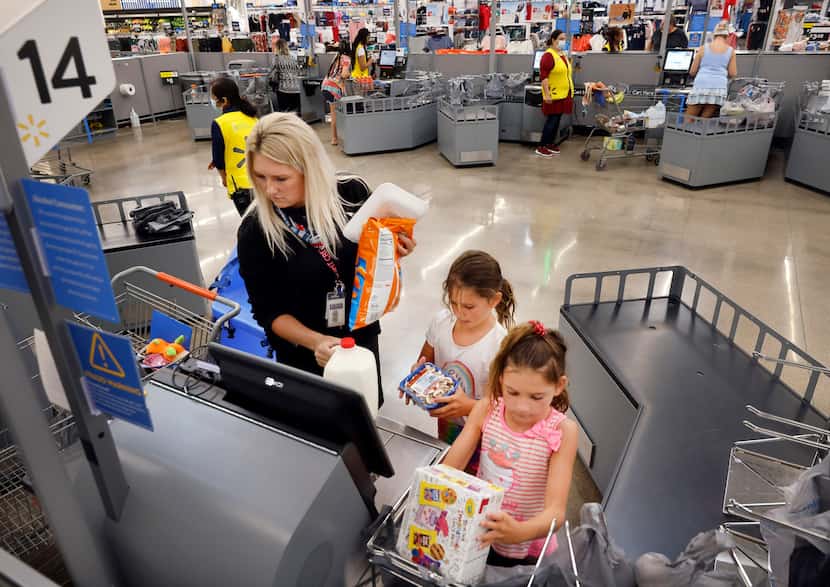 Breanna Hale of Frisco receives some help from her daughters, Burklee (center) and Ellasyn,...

---

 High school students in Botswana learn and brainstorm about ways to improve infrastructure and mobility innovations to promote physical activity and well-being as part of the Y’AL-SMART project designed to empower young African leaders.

---

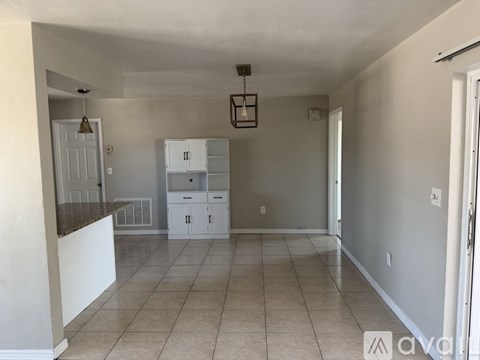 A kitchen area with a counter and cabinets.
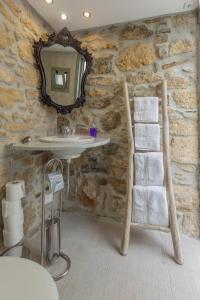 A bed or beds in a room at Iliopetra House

*Your goal:* In the entries above, which lines run from the one with "A kitchen area with a counter and cabinets." up to and including the one with "A bed or beds in a room at Iliopetra House"? Write them out exactly, without the pictures.

*Expected answer:*
 A kitchen area with a counter and cabinets.
 A bed or beds in a room at Iliopetra House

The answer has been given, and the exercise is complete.